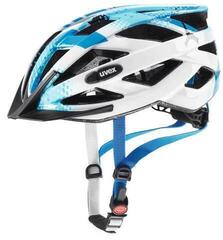 UVEX Air Wing Blue/White 52-57 UVEX Air Wing Blue/White 52-57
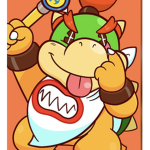 Koopa United for all
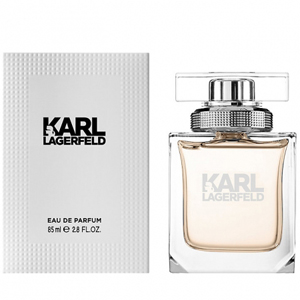 Karl Lagerfeld for Her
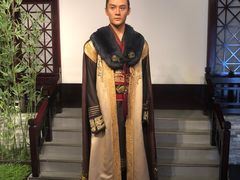 -武汉杜莎夫人蜡像馆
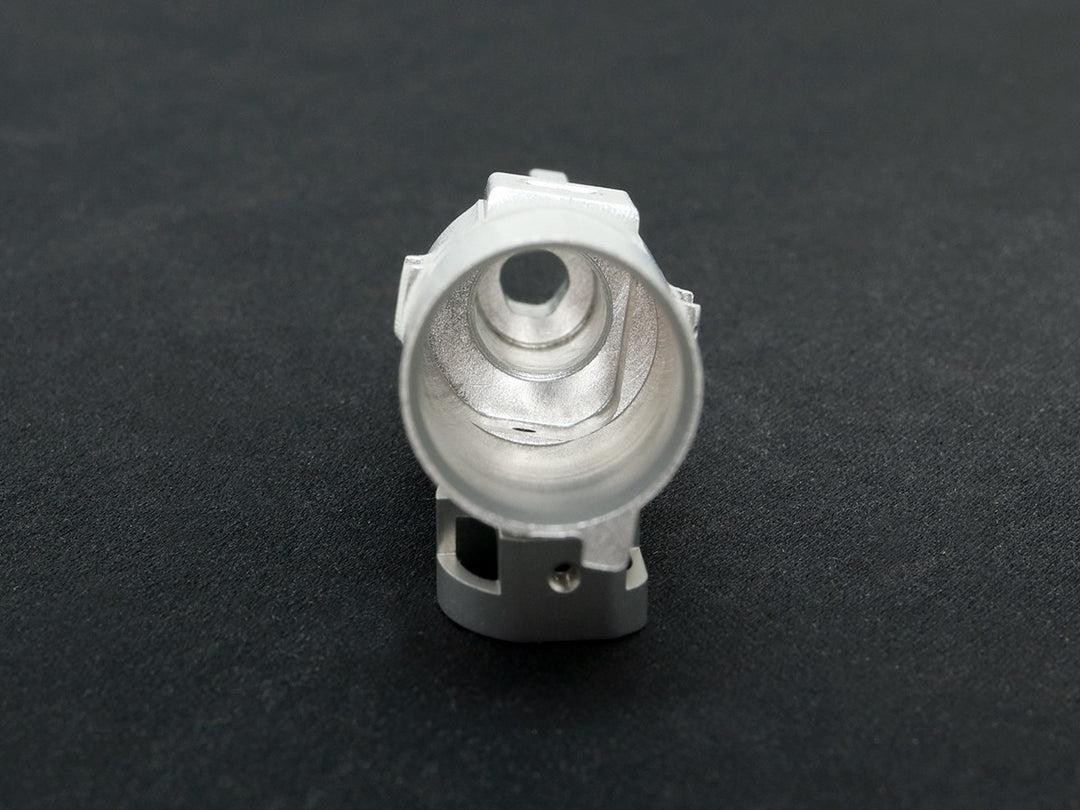 CowCow Hi-Capa/1911 CNC Aluminum High Flow Loading Nozzle CCT-TMHC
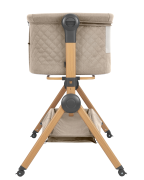 Postýlka a židlička 2v1 Sleat Me KikkaBoo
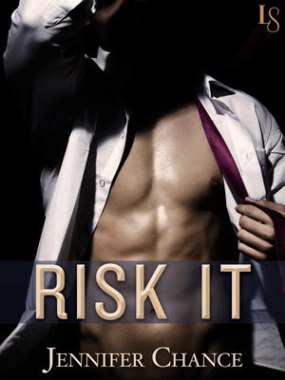 Risk It Cover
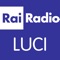 The RAI Radio LUCI App is for journalists employed within RAI Radio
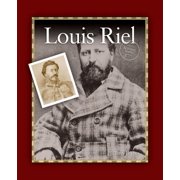 Activist Louis Riel Paperback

▬▬▬

> **What this task involves**
Pictures are to be omitted from the copy. Reproduce exactly, and only, the lines from the one containing "Koopa United for all" to the end of the listing above.

> **Solved exercise**
 Koopa United for all
 Karl Lagerfeld for Her
 -武汉杜莎夫人蜡像馆
 CowCow Hi-Capa/1911 CNC Aluminum High Flow Loading Nozzle CCT-TMHC
 Postýlka a židlička 2v1 Sleat Me KikkaBoo
 Risk It Cover
 The RAI Radio LUCI App is for journalists employed within RAI Radio
 Activist Louis Riel Paperback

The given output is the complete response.